What is the time complexity of Pattern matching in scala?

Pattern matching in most cases will be O(1) because you are usually matching against a small number or possible cases and each match is comprised of a few constant time operations on average.

Since pattern matching is achieved by calling unapply method on the matched object docs and optionally comparing extracted values, the time complexity will depend on unapplys method's implementation and can be of any complexity. There is no compiler optimization possible for general case because some pattern matches depend on data being passed to them.

Compare these scenarios:

List(1, 2, 3) match { case _ :+ last => ... // O(n) with respect to list length case head :: tail => ... // O(1) w.r.t. list length case _ => ... // O(1) - default case, no operation needs to be done } 

Most of the time we would pattern match something like a list to get head and tail split with :: - O(1) because unapply is simply returning head if it exists.
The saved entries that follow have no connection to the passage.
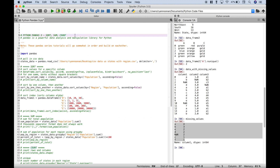That's all we have for this Python pandas tutorial on the basics of sort, sum, and count. We'll be doing many more Python tutorials in the near future — join us for those, and we'll see you next time.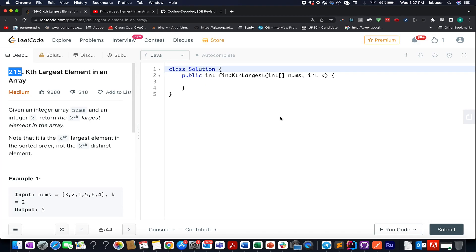Hello everyone, welcome to Coding Decoded. My name is Sanchara Deja. I am working as Technical Architect SD4 at Adobe and here I present day 22 of June LeetCode Challenge.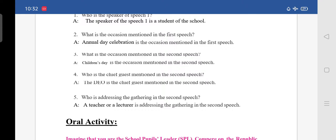Fifth question: who is addressing the gathering in the second speech? Because she mentioned 'my colleagues and non-teaching staff,' a teacher or lecturer is addressing the gathering. The answer is: a teacher or a lecturer is addressing the gathering in the second speech. I think you have written it without any spelling mistakes.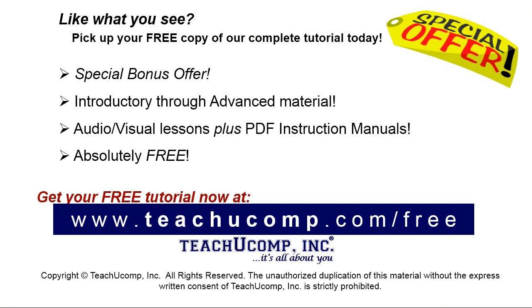Like what you see? Pick up your free copy of the complete tutorial at www.teachucomp.com forward slash free.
We usually don't use :+ because it's not common and expensive (library code):

/** An extractor used to init/last deconstruct sequences. */ object :+ { /** Splits a sequence into init :+ last. * @return Some((init, last)) if sequence is non-empty. None otherwise. */ def unapply[T,Coll <: SeqLike[T, Coll]]( t: Coll with SeqLike[T, Coll]): Option[(Coll, T)] = if(t.isEmpty) None else Some(t.init -> t.last) } 

To get last element of a sequence (t.last) we need to loop, which is O(n).
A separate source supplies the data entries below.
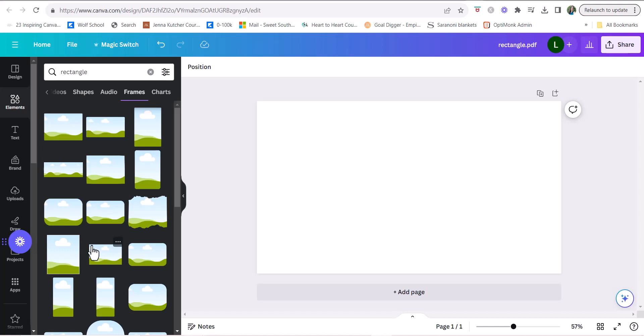If you want to learn more about that, it will be linked down below the video, but let me show you how you can create your very own frames in the exact size that you want.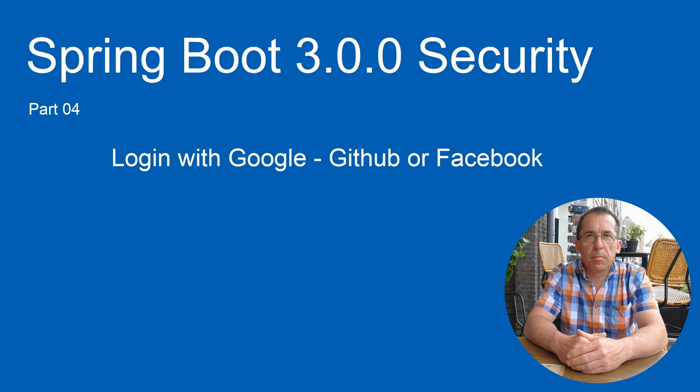Today we continue with Spring Security, based on Spring Boot 3.0.0. After implementing Form Login and HTTP Basic Login in previous videos, we will now continue with Single Sign-On.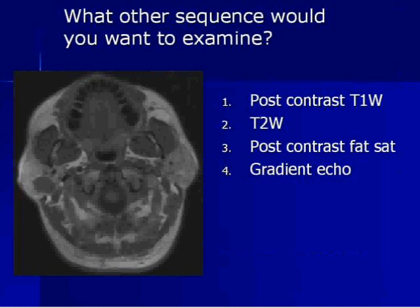Is it 1, post-contrast T1; 2, T2-weighted image; 3, post-contrast FAT-SAT T1; or 4, gradient echo? The answer is a T2-weighted sequence.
So it will really depend how you pattern match, but usually you pattern match case classes, tuples, options, collections to get first element and not last, etc. In such overwhelming majority of cases you'll be getting O(1) time complexity and a ton of type safety.

Additionally:

In the worst case here there will be m patterns each doing on average c operations to perform a match (this assumes unapply has constant time, but there are exceptions). Additionally there will be an object with n properties which we need to match against these patterns which gives us a total of: m * c * n operations. However, since m is really small (patterns never grow dynamically and usually written by a human) we can safely call it a constant b giving us: T(n) = b * c * n. In terms of big-O: T(n) = O(n). So we established theoretical bound of O(n) that is for cases where we need to check all n properties of an object. As I was pointing out above in most of the cases we don't need to check all properties/elements like when we use head :: tail where n is replaced with constant and we get O(1). It's only if we always do something like head :+ tail we would get O(n). Amortized cost I believe is still O(1) for all cases in your program.